Which Came First, The Chicken or the Egg?Tuesday, my employer, Dakota College at Bottineau, celebrated Earth Day. The theme for this year was Farming, Yesterday, Today and Tomorrow. The featured speaker was Will Weaver and the book read for this year was his book 'Sweet Land'. I attended some of the sessions and it got me thinking - especially as I drove home that day and in the few days since.
You see, the fields surrounding our new farm have been abuzz with activity. The activity that comes with farming in today's world, which means big green and red machines pulling all types of equipment across the land in an attempt to feed the world, if not their own families.
It has me thinking...has the growth in the size of farms pushed the size of machinery or has the size of machinery pushed the size of the farms? Way back when the average size farm in North Dakota was just over 200 acres - which was a long time ago because as you know, early settlers were given 160 acres free if they homesteaded, things were done by hand or with horses. Then, the industrial age came and machines began to show up on our small farms.
Machines like this
And this..not the ATV but what it is pulling...

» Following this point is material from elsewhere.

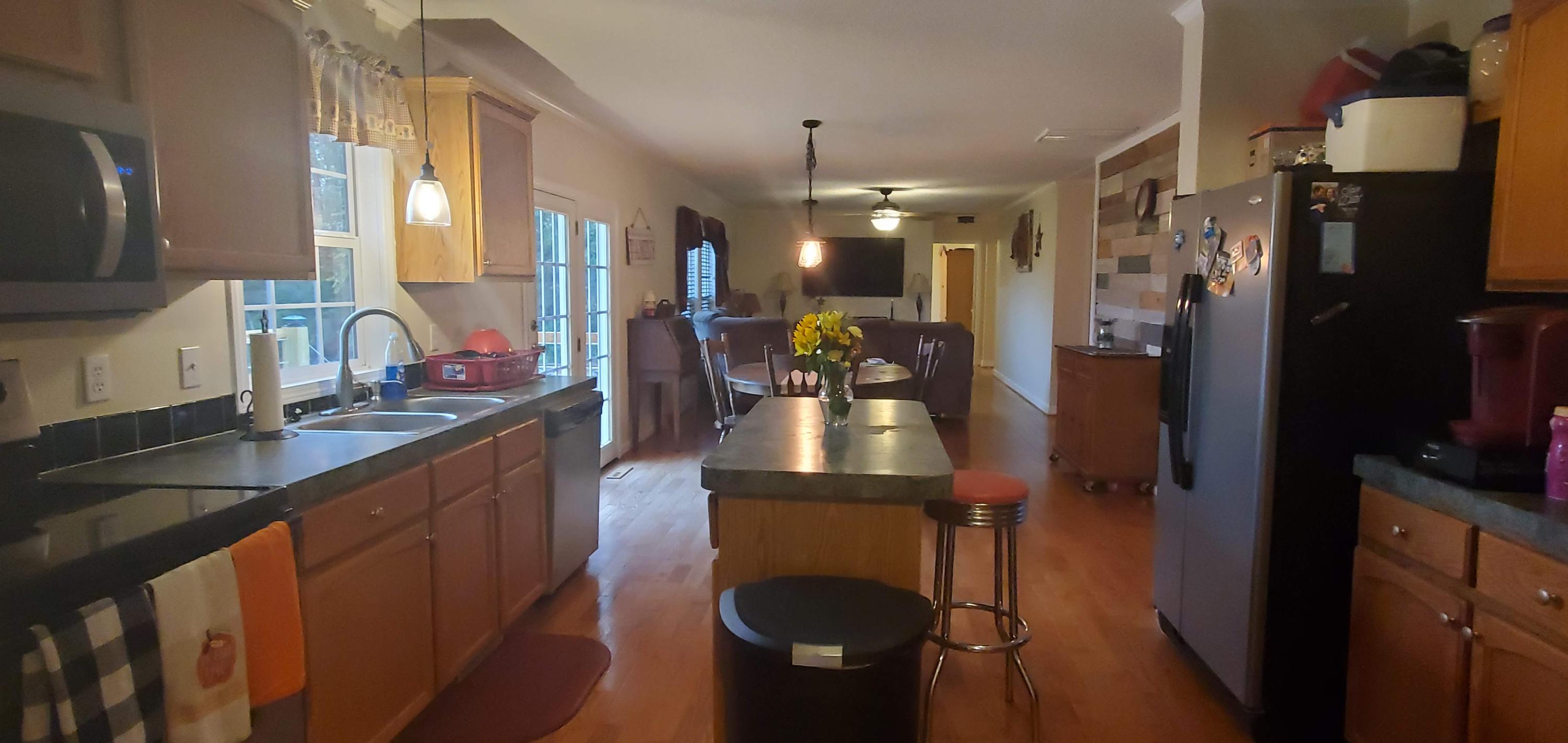 160 Northridge Road Hardy, VA 24101 - Photo 6 of 42 a kitchen with stainless steel appliances kitchen island granite countertop a sink stove and refrigerator
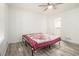 Bedroom with wood-look floors and ceiling fan at 155 Meadowbrook Dr, Mcdonough, GA 30253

So I wonder. There are only so many hours in a day. So many hours, even in our long spring days as we had towards June, in which to accomplish all the planting and field work. In older days, you didn't have tractors with auto steer, GPS, not even lights. You were limited to what you could do in a day by the number of daylight hours in that day. So why and when did it change? As the farms got bigger did the equipment dealers decide to add technology to allow farmers to farm longer because they had to in order to get things done...OR...did the equipment dealers new technology get the farmers to thinking that they could get bigger because now they had the technology to do so? You're no longer limited by the number of daylight hours in a day. Is that a good thing?
Either way, I'm afraid it will all end up like Mr. Weaver's story 'The Last Farmer' about a farmer who works a whole LOT of land and ends up missing meals and going for days without sleep to get the crop in the ground in the spring because his wife has left him - there's no social life on a rural farm when the farms are so big and far apart - and no one to help him, because the lights and GPS and auto steer will allow him to go 24/7.
I'm glad to know, as I watch the big green and red machines in the fields that surround our farm that there are still small farmers out there. Small farmers like us who do things by hand or with small machines. I'm glad to know that the farmers in my area still have wives and families to go home to and even though they sometimes work late at night, they do go home to them. I don't think it's easy to feed the world and I'm glad they're doing it - thanks you guys! But I still wonder, does all the new farming technology really make it easier?